Always keep an eye on the pup when he is out of the kennel. If you have trouble staying focused on the pup, put a leash on him to keep him with you, even in the house. When you see the pup circling with his nose down, it is a good idea to take him out immediately before an accident occurs.

Your job is to make it as easy as possible for the pup to do it right, so you can reward it. Every hour or even 1/2 hour for the first few days helps the process along. I keep a little baggie of treats in the refrigerator door ready to go, as we head out the door.

If the pup has an accident & you don't catch them in the act, just ignore it & clean it up, resolving to take the pup out more often. Punishing a pup after they have taken a step away may make you feel better, but they will have no idea what went wrong. However, if you DO catch the pup in the act (not as it walks away, but IN THE ACT), this is your golden opportunity! Make as much noise as possible immediately, yelling very loudly, "NO, NO, NO!!!! BAD DOG!!!!" Continue yelling as you scoop up the pup and take the pup to the potty area. As you set the pup down in the potty area, change your voice to a soothing, friendly tone, asking "Do you have to go?" or "Go potty". The point is to SCARE the pup as they have an accident, as this builds a memory in the pup's mind that they NEVER want to do that again!! .....and to build pleasant memories to the proper area.

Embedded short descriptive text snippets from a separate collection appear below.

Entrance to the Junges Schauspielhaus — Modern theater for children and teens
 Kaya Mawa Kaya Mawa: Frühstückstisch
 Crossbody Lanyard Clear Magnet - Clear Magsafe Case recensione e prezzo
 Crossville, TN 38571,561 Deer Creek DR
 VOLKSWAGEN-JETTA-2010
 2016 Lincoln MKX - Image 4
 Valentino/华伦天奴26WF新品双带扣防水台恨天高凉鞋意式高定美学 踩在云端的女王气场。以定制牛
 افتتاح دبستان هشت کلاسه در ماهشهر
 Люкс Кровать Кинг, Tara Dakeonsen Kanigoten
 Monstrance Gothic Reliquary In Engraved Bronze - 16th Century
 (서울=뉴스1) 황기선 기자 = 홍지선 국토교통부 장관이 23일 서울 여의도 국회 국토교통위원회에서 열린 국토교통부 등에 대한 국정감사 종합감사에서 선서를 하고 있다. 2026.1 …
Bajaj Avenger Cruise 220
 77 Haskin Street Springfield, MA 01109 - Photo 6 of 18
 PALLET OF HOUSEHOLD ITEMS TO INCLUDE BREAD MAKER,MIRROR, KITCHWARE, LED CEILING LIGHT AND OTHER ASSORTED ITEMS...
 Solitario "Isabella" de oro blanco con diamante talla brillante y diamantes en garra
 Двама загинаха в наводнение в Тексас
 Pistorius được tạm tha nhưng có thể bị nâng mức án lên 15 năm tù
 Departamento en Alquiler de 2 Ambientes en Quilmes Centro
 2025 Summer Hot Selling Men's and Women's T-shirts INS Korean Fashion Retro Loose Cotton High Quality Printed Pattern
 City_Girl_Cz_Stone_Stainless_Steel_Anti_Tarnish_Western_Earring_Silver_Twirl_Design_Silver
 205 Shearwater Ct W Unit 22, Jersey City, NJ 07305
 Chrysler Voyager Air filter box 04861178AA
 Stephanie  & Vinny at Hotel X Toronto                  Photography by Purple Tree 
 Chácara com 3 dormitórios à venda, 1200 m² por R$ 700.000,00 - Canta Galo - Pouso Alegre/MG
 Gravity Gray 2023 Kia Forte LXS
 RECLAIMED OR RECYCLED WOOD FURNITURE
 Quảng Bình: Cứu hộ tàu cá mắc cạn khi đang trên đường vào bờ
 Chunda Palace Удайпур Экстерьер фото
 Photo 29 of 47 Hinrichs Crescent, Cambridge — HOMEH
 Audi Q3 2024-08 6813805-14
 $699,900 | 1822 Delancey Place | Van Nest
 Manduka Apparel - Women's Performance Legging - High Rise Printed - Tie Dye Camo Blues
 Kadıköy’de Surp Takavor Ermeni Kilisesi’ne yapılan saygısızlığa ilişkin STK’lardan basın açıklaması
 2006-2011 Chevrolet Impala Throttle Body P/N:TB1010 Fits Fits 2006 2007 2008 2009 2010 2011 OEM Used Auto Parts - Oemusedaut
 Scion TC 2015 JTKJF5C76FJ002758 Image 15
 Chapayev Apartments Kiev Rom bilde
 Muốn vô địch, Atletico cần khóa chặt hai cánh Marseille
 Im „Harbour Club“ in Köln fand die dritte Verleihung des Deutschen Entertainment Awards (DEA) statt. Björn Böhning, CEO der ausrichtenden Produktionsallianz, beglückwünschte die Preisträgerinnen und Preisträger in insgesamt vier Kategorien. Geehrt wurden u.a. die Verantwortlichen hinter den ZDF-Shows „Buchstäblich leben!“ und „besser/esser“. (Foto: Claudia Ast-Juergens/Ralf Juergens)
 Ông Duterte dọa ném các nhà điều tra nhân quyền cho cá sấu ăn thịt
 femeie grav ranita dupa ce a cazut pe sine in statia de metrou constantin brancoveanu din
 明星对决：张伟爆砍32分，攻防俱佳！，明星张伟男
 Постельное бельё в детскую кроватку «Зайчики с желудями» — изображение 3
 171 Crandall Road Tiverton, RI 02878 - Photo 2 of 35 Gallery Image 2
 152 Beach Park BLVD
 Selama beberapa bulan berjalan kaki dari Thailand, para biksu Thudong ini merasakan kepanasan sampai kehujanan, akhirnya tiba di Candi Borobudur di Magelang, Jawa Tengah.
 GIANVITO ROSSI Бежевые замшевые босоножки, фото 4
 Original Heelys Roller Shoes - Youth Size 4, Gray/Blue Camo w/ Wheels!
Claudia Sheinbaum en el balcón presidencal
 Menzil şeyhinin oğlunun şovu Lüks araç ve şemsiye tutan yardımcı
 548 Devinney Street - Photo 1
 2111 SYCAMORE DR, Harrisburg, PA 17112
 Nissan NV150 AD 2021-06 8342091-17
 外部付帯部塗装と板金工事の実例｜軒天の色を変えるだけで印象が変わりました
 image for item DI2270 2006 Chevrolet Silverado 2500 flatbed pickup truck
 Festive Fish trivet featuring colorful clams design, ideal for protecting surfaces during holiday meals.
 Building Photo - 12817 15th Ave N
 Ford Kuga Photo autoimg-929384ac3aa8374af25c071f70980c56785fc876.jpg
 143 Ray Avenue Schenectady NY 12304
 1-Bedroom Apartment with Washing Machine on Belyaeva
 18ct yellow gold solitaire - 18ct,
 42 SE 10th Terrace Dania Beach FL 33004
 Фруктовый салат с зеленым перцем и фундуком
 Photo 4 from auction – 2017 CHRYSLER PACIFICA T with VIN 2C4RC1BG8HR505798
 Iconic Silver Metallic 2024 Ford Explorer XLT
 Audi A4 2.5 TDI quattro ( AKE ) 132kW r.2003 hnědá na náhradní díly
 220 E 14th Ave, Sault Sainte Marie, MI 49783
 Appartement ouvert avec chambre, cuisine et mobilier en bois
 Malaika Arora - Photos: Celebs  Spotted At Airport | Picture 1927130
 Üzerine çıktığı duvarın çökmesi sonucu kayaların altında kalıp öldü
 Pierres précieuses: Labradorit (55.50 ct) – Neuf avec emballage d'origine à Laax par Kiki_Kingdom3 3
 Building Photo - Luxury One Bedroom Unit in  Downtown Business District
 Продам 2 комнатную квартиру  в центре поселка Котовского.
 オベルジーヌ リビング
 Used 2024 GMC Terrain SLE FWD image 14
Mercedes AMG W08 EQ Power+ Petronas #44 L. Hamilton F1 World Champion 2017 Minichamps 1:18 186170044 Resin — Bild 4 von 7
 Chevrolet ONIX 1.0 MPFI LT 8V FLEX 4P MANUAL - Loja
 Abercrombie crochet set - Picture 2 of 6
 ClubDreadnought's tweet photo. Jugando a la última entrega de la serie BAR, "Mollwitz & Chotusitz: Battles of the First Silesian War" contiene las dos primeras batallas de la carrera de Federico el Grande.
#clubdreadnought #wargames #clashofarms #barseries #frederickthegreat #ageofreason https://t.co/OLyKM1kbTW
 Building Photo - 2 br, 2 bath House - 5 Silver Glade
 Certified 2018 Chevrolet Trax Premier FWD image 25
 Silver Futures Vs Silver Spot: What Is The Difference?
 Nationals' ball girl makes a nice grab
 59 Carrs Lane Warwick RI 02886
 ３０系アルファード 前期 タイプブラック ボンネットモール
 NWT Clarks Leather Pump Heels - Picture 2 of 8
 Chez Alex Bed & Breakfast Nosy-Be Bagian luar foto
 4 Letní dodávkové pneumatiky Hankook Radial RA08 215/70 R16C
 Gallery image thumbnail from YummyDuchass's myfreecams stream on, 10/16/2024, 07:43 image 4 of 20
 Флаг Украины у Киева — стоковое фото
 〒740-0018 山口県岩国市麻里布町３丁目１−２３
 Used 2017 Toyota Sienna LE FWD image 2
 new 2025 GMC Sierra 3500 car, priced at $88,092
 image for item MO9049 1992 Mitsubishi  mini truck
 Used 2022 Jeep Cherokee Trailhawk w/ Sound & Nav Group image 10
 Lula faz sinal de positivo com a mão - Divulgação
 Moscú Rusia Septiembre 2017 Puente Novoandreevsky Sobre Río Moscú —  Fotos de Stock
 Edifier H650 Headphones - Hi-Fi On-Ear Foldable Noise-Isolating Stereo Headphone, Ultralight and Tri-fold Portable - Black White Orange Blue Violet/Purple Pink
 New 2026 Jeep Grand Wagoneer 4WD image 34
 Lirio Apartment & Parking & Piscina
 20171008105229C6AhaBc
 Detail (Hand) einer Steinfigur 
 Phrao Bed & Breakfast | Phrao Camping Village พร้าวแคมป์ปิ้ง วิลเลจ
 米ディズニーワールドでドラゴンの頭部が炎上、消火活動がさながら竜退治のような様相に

We have even re-trained older dogs using the puppy pen to get them using the litter box for a few weeks and then moving the potty pellets to outside. If you have older dogs that go anywhere and everywhere, it is unlikely you will be able to get the new puppy to not follow their lead. They must be confined to an area with the litter box at one end and the food, water and bed at the other end. They will start going to the end away from their bed to go potty. You can use pine chips, cedar chips or cat litter for the litter box. Once they are using it consistently, you can start with training to go outside using the same litter outside where you want them to go, but keeping them confined to a puppy pen when you cannot supervise.


House Training

Here's a tip from Maaike Cronin:

Just wanted to pass along a trick that has worked wonderfully for us in

house training our boxer pup Hemi  (he's from Libby's litter).  He learned

after a couple weeks to go to the door if he needed to go outside but if we

weren't in the same room, we wouldn't know if he had to go because he

wouldn't bark or whine or anything.  We got a 60 cent bell from Michaels

and put it on a string on the door and he learned within a day (by the

fourth time he had to go out) to ring the bell himself.  We've had hardly

any accidents since then:>  It's the best 60 cents I've ever spent!